The injunction was entered by the trial court on an amended complaint filed by the City alleging that the appellants were prostitutes and that their prostitution activities in specified areas were a "public nuisance" under Wis. Stat. § 823.02. Section 823.02 authorizes a "city" to bring "[a]n action to enjoin a public nuisance." 1
1. An affidavit executed in February of 2000 by a Milwaukee police officer assigned to the Vice Control Division averring that:
• the appellants had been previously arrested for prostitution;
• that he had seen Burnette "approximately six times in the past year loitering and flagging down cars"; and
• that "[o]n several of these occasions, Ms. Burnette fled the scene after recognizing me while I was working as an undercover officer."
None of these averments was disputed by the appellants.
2. An affidavit executed in July of 1998, by the same officer averring that:
• the police department gets "public complaints regarding street prostitution," including "complaints about prostitution on the City streets" and "complaints about prostitutes working on adjoining properties or even on the complainant's own property";
• "the type of enforcement required to control street prostitution" is dangerous because the "officers are required to work singularly undercover" and cannot "wear bullet proof vests or sidearms while interacting with the street prostitutes" becausethe officers "are required to appear as prostitution customers";
• street prostitutes frequently "carry weapons," including "sharpened metal objects," knives with long blades, and "razor blades," and the officers are vulnerable to attack because they are undercover.
None of these averments was disputed by the appellants.
3. The testimony from a City police captain in charge of the Vice Control Division. The captain told the trial court that when he drives down streets in areas where his officers are operating, prostitutes, not aware that he is a police officer, try to get his attention by yelling or waiving at him, and, indeed, that some were "actually jumping up and down to gain [his] attention." He also testified that he "often" sees those whom he believes are "customers for prostitutes driving up and down the streets" and that they would drive "very slowly in the right hand lanes, constantly looking at the sidewalk, stopping, slowing down, when they see a single female walking." He said that he sees "the girls or ladies on the street sometime making the initial contact with the cars that are stopping and passing."
None of this testimony was disputed by the appellants.
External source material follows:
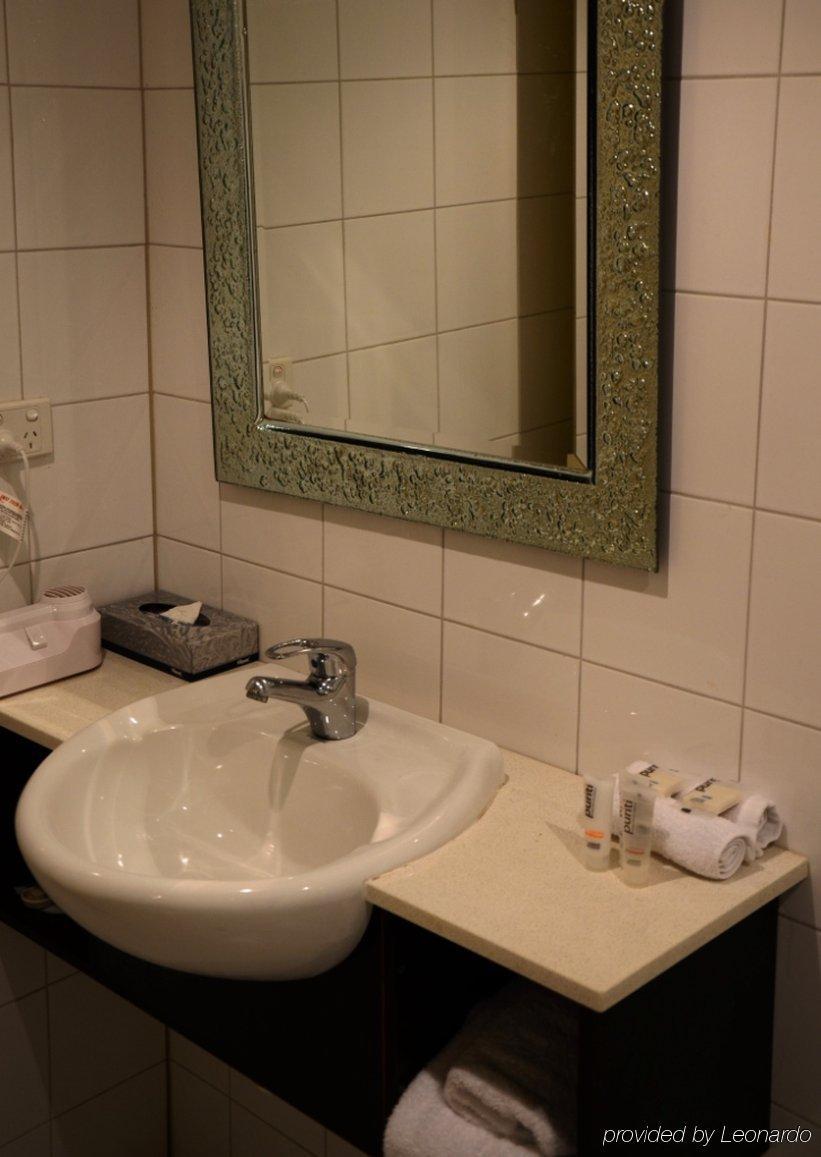 Quest Gordon Place Melbourne Room photo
¶ 3. The police captain also testified that he has "seen prostitutes that I've picked up standing at bus stops, standing at pay phones, acting like they're talking on the phone." He explained that they were "acting" because he never would see them "actually talking," but, rather, "be on the phone for like 45 minutes and just listening .. . constantly looking around." He never saw
None of this testimony was disputed by the appellants.
4. Testimony from a person who rehabilitates and manages rental property in one of the areas included in the injunction. He told the trial court that prostitution drives away prospective tenants who, when "they see prostitutes and drug addicts on the street.. . won't even come in to see the apartments despite all the work we've done." He also testified that he loses tenants who have moved in because of prostitution activity in the area.
None of this testimony was disputed by the appellants.
5. Testimony from a woman who lives in one of the areas included in the injunction that she does not feel comfortable leaving her apartment without either her two large dogs or her boyfriend "because it's happened many, many times where I've been approached, asked what I will do for ten dollars, or just other basic questions about assuming that I'm a prostitute because of where I live, and because I'm on the streets."
None of this testimony was disputed by the appellants.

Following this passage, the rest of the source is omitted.